Project #3: Aesthetic Selection in AI Image Generation
GitHub Repo
Built With: HPC (Slurm) | Python 3 | PyTorch | Diffusers (SDXL) | Matplotlib | X11 Forwarding
Practical Objective: Create an interactive workshop for the 2025 Envisioning AI at Yale Symposium applying evolutionary principles to AI image generation.
Learning Objective: Build fluency with high-performance computing and deployment of pre-built generative AI models.
Generative AI as an Evolutionary System
To bridge a conceptual gap between machine learning and evolution, I designed this pipeline to apply selection to the latent space of a diffusion model.

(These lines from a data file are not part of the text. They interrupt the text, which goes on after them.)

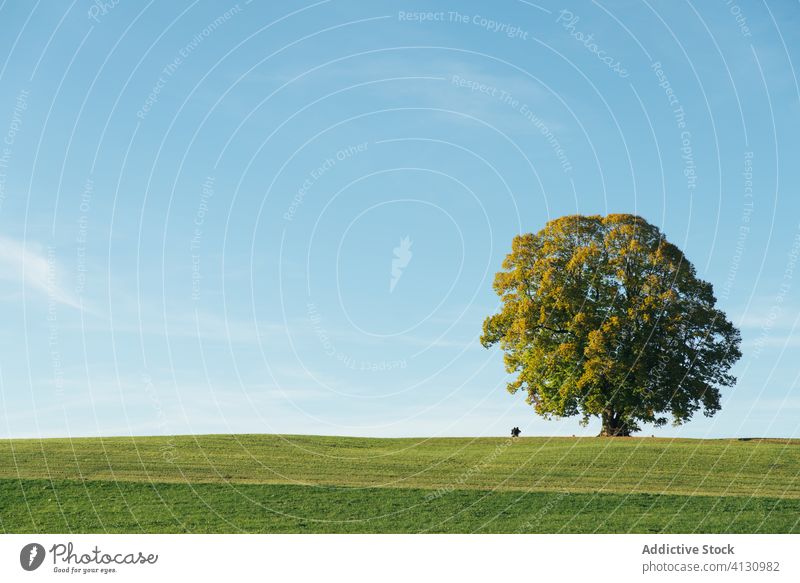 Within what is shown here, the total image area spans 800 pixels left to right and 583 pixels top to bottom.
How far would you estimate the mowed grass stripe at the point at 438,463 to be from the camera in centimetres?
A: 3697

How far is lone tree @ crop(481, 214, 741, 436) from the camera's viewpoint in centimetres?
4991

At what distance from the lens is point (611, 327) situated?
161 feet

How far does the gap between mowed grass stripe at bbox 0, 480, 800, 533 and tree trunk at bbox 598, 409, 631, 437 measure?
17.2 m

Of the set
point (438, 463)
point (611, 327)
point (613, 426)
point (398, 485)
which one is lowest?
point (398, 485)

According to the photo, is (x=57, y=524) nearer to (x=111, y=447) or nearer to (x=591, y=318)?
(x=111, y=447)

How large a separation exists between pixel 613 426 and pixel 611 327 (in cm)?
612

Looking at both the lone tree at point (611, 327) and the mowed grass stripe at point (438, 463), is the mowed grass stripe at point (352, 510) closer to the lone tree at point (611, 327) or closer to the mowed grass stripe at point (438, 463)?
the mowed grass stripe at point (438, 463)

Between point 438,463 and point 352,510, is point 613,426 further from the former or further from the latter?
point 352,510

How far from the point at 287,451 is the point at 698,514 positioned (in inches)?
857

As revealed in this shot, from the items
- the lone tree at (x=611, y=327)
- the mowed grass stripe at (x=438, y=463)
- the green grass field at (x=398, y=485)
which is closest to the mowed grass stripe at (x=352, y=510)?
the green grass field at (x=398, y=485)

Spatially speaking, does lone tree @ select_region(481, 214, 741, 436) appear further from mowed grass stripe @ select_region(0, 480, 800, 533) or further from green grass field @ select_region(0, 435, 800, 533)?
mowed grass stripe @ select_region(0, 480, 800, 533)

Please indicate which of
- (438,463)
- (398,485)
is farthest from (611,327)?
(398,485)

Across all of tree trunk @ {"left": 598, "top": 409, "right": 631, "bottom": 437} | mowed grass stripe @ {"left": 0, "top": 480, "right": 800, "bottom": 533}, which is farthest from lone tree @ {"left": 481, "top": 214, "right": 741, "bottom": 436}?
mowed grass stripe @ {"left": 0, "top": 480, "right": 800, "bottom": 533}

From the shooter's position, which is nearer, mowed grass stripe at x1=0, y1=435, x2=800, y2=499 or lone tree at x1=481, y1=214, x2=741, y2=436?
mowed grass stripe at x1=0, y1=435, x2=800, y2=499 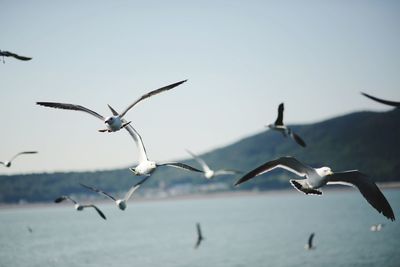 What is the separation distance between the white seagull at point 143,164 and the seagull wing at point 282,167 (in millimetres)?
3777

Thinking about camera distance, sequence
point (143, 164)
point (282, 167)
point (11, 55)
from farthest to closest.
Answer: point (143, 164)
point (11, 55)
point (282, 167)

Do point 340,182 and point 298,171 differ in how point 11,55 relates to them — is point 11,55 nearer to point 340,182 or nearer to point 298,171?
point 298,171

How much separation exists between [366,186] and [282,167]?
10.5 ft

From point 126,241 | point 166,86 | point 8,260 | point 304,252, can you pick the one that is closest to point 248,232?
point 126,241

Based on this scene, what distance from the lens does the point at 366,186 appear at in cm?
1480

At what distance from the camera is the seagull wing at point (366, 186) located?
14.4m

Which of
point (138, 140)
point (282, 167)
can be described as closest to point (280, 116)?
point (138, 140)

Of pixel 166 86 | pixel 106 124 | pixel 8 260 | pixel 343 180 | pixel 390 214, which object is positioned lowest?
pixel 8 260

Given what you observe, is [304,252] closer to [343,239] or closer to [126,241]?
[343,239]

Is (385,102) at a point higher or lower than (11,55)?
lower

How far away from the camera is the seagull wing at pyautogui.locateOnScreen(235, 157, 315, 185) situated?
40.9ft

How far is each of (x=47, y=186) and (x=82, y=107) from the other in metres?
124

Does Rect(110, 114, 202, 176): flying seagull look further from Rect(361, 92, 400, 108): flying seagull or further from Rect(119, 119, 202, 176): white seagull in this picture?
Rect(361, 92, 400, 108): flying seagull

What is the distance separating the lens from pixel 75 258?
62438 millimetres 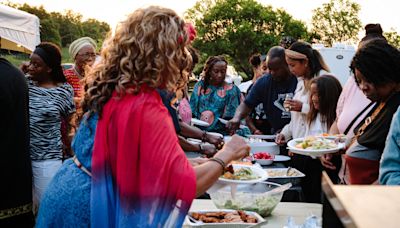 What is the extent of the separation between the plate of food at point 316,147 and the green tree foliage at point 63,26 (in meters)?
25.1

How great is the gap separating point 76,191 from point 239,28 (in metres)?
27.2

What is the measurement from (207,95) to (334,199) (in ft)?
14.2

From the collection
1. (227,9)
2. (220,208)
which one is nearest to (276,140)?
(220,208)

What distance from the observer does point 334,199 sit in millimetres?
790

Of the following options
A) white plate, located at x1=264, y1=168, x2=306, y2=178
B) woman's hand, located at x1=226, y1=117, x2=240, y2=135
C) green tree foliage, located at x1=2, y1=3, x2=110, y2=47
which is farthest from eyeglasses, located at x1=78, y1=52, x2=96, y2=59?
green tree foliage, located at x1=2, y1=3, x2=110, y2=47

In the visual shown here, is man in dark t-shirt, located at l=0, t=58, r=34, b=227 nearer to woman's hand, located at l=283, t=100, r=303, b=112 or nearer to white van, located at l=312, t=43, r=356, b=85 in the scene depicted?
woman's hand, located at l=283, t=100, r=303, b=112

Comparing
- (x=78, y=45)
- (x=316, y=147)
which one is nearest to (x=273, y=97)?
(x=316, y=147)

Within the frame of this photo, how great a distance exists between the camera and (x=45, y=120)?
3.21 m

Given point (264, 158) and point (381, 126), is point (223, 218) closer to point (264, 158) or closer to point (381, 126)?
point (381, 126)

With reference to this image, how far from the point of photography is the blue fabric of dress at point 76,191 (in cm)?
162

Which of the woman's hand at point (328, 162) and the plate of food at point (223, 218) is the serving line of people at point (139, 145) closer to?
the plate of food at point (223, 218)

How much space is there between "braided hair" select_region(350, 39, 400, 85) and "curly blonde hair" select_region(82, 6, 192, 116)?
0.99 m

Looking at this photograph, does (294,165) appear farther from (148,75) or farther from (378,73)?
(148,75)

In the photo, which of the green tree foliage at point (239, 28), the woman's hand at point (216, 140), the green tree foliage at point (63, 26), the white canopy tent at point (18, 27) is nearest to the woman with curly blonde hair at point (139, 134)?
the woman's hand at point (216, 140) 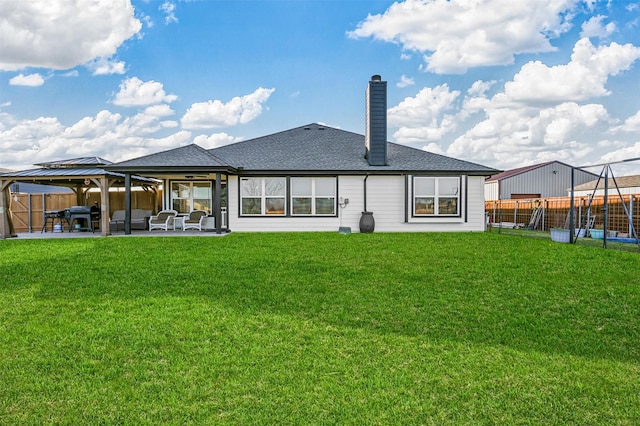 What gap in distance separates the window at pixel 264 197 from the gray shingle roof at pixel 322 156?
0.55 metres

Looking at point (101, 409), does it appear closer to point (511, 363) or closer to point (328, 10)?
point (511, 363)

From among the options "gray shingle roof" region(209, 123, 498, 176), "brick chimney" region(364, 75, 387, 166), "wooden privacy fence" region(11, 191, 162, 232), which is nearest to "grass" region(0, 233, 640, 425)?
"gray shingle roof" region(209, 123, 498, 176)

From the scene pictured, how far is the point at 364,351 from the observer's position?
4066 mm

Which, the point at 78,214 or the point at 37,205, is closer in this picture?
the point at 78,214

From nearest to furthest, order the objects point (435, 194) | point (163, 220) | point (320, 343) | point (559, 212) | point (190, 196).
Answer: point (320, 343), point (435, 194), point (163, 220), point (190, 196), point (559, 212)

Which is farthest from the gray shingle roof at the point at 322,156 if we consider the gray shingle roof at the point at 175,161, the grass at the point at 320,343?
the grass at the point at 320,343

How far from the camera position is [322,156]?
16.9 metres

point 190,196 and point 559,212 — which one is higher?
point 190,196

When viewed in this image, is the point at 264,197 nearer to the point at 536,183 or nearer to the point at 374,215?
the point at 374,215

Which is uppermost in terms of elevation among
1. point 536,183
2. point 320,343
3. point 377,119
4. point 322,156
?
point 377,119

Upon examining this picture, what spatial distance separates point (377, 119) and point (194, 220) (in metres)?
7.70

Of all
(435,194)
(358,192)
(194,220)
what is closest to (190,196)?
(194,220)

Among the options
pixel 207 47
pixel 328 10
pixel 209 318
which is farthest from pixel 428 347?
pixel 207 47

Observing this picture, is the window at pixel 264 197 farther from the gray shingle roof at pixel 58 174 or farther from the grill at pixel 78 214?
the grill at pixel 78 214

The core loop of the exhibit:
- txt2img: I feed in three prompts and generate three images each (nine total), displayed on a large television
- For example: "a beach at sunset", "a river in a mountain valley", "a futuristic cityscape at night"
- Voting: Symposium attendees use a keyboard to vote for their favorite image in each category
- img2img: Once an image reaches a vote threshold, it is fed into an img2img diffusion to create three new variants for that prompt
As the loop continues, we theoretically generate increasingly pleasing images (at least, according to the crowd). We can map the parameters directly to evolutionary principles:
- Genotype and Inheritance: The seed image acts as the genetic code. We use
img2imggeneration to pass phenotypic traits to the next generation. - Mutation Rate: The denoising strength functions as the mutation rate. Too low and the image is visually identical; too high and the image loses its lineage.
- Selection Pressure: Symposium attendees act as the environment. Using a voting interface, they applied selective pressure, determining which phenotypes survived to reproduce.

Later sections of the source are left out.